ENTG Insider Filing: Reeder Becomes President & CEO, Prior RSUs Forfeited
Rhea-AI Filing Summary
David Reeder, reporting person, filed a Form 4 disclosing a non‑derivative transaction on 08/21/2025 involving Entegris, Inc. (ENTG) common stock. The filing shows a disposal of 2,897 shares (reported as D at $0) which the form explains are unvested restricted stock units granted April 23, 2025 that are being forfeited. The forfeiture is tied to awards granted to Mr. Reeder on 08/18/2025 in connection with his new role as the company's President & CEO. After the reported transaction, Mr. Reeder beneficially owns 58,457 shares in total.
Positive
- Reporting person designated as President & CEO, as stated in the filing
- Beneficial ownership retained: 58,457 shares held following the reported transaction
Negative
- Forfeiture of 2,897 restricted stock units (reported as a disposal at $0)
- Details of the replacement awards granted 08/18/2025 are not disclosed in this Form 4
Insights
TL;DR: Director became President & CEO; prior unvested RSUs were forfeited and replaced by new awards dated 08/18/2025.
The Form 4 documents a governance and compensation change rather than an open‑market trade. The filing explicitly states 2,897 restricted stock units granted April 23, 2025 are unvested and were forfeited in conjunction with awards granted 08/18/2025 tied to the individual's new executive role. This indicates a standard internal compensation adjustment on role change. Materiality to shareholders depends on the size of the new awards (not disclosed here) and any associated dilution or service terms, which are not provided in this filing.
TL;DR: Filing reflects an internal award forfeiture (2,897 units) and confirms beneficial ownership of 58,457 shares after the change.

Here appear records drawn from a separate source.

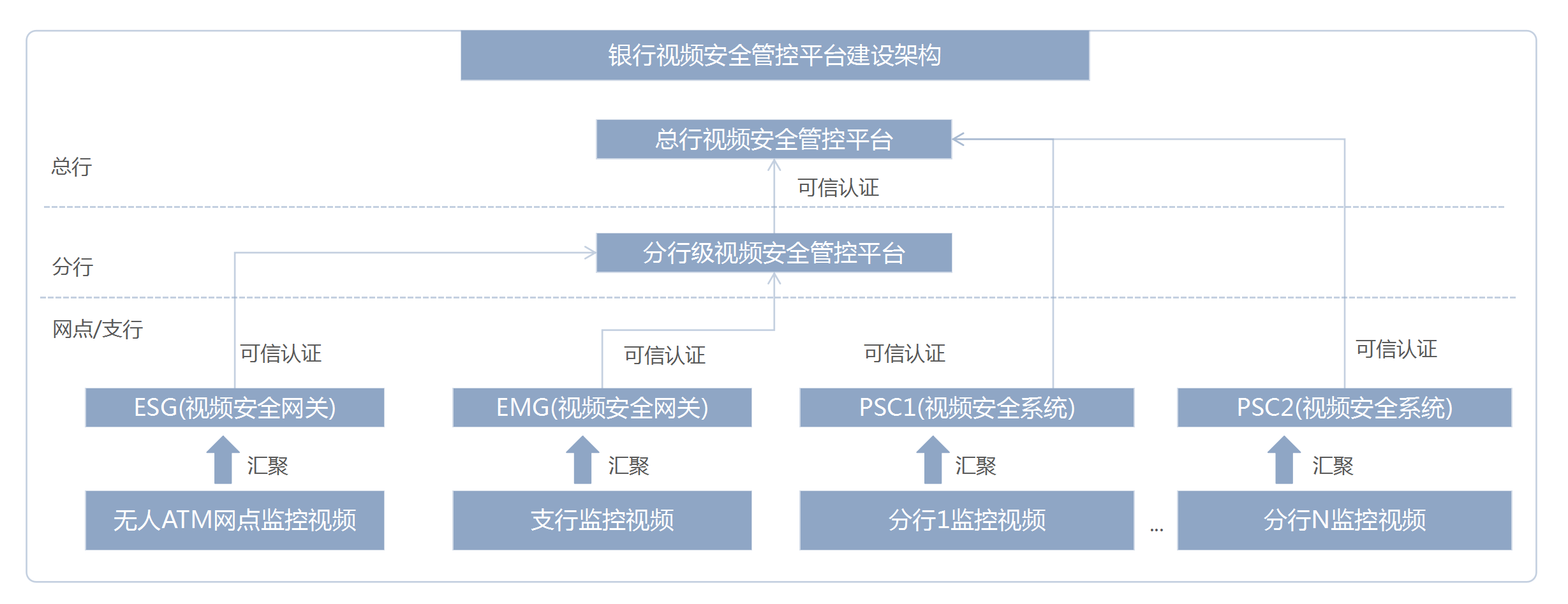 金融视频安全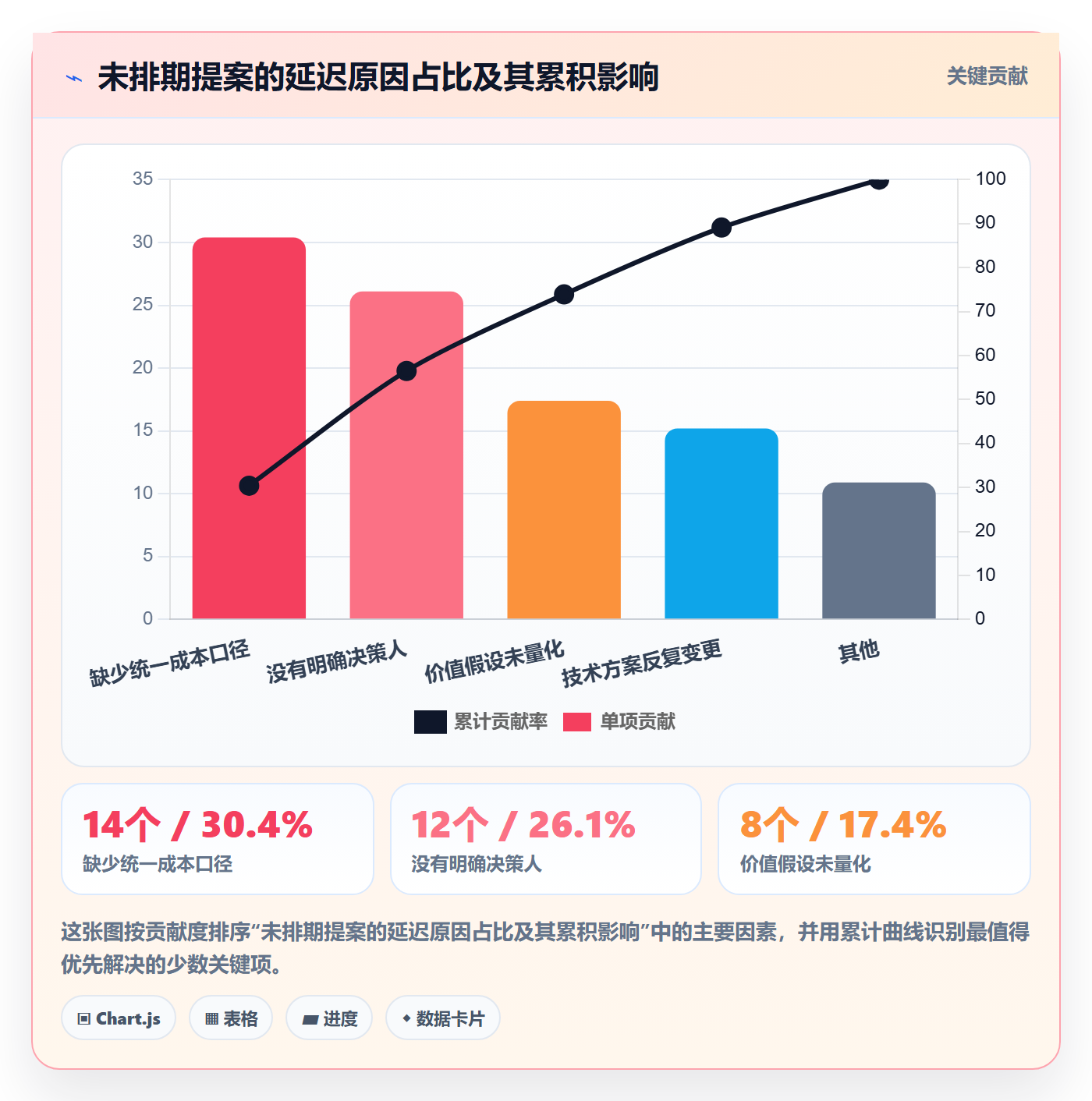 优先级实操方法:研发团队提升项目立项效率的效率提升方法与模板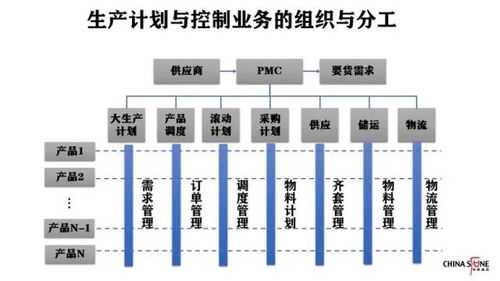 美国彻底切断华为芯片供应链,什么是供应链管理 为什么供应链体系非常重要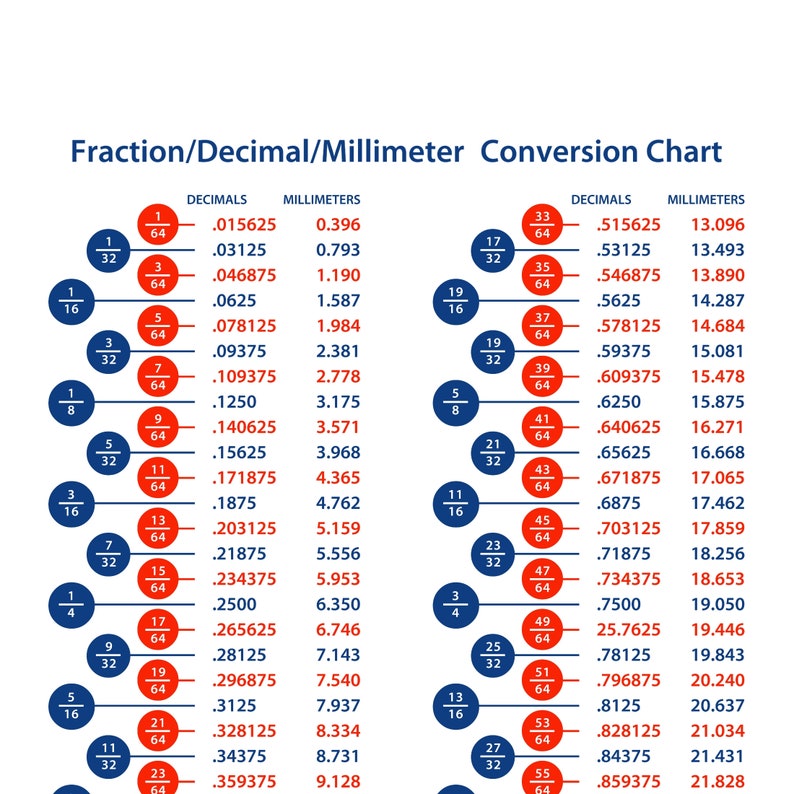 Fraction Decimal Millimeter Conversion Chart Including And Etsy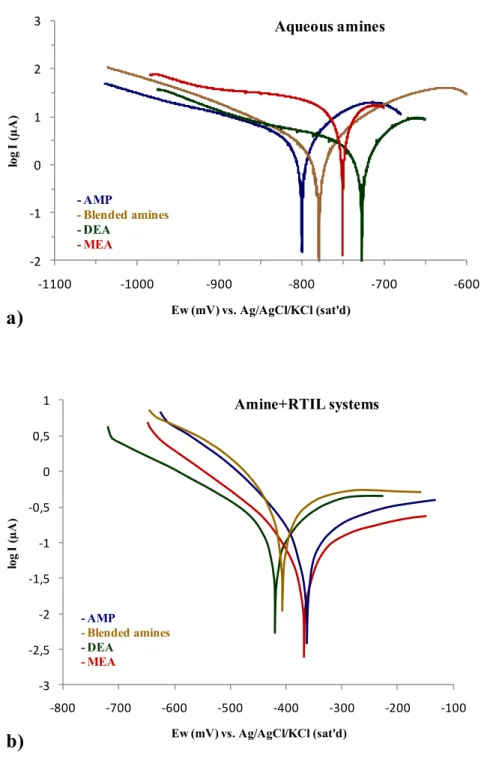 Figure  3.  5. Linear  polarization  curves  of  carbon  steel  1020  at  25  °C:  a)  in  aqueous  alkanolamines; b) in alkanolamine+[bmim][BF 4 ] mixtures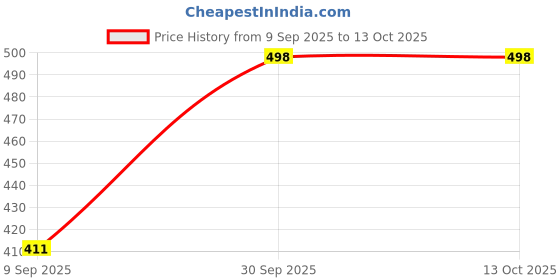 flipkart.com kingsway Side Window, Rear Window Sun Shade For Tata Nexon kingsway Price History Graph from 9 Sep 2025 to 12 Oct 2025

From a Section 16 reporting perspective, the Form 4 properly records a disposal event dated 08/21/2025 and identifies the reporting person as both director and President & CEO. The transaction code and zero price indicate administrative forfeiture rather than an open‑market sale. The form is signed by an attorney‑in‑fact and contains the required explanatory remark about the forfeiture and replacement awards dated 08/18/2025.